Jay Michaelson, David Brownlee. BSD or Linux: Which Unix is best for embedded applications? A Wasabi Systems White Paper, 2003

I. Introduction

With Linux's breakthrough into the server and desktop markets, the OS has emerged as an option for embedded OEMs as well. Several vendors have created their own distributions of Linux intended for the embedded market, and while these have met with only limited success, OEMs are right to look at Unix-like operating systems for their advanced embedded needs. However, as this white paper will discuss, there are several features which make Linux a less than optimal Unix choice for embedded applications.

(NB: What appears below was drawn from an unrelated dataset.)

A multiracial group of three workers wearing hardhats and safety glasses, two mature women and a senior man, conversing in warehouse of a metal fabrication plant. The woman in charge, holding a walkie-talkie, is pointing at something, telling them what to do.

These features are divided into two general categories: commercial/legal, and technical. On the commercial side, Linux is severely hampered by its license, which requires that all modifications to the Linux kernel (and several other modules of the OS as well) be made open source. While this licensing feature is not important in the desktop or server space, where kernel modifications are rare, it is critical in the embedded space, where modifications to the kernel are part and parcel of OEM's OS investment.

On the technical side, Linux is constrained by its less than robust development tools on the one hand, and its lack of an adequate hardware abstraction layer on the other.

Were Linux the sole Unix-derived OS choice, OEMs might still be justified in selecting it over the increasingly obsolete VxWorks operating system, or the unwieldy Windows offerings. However, concurrent with the expansion of FreeBSD in the server space (the OS was recently chosen by Yahoo! for its Hotjobs site), the NetBSD operating system has expanded its penetration in the embedded space. NetBSD lacks the user application support of FreeBSD and Linux, so it has not made much of an impact in server or desktop applications. However, such support is not necessary in most embedded applications, and NetBSD offers all of Linux's Unix functionality with none of its licensing or portability encumbrances. Because NetBSD is unlikely to be as widely branded in the consumer space, embedded OEMs may not know of it as familiarly as Linux. However, NetBSD is commercially supported in the embedded market, and may be a more desirable Unix choice for embedded.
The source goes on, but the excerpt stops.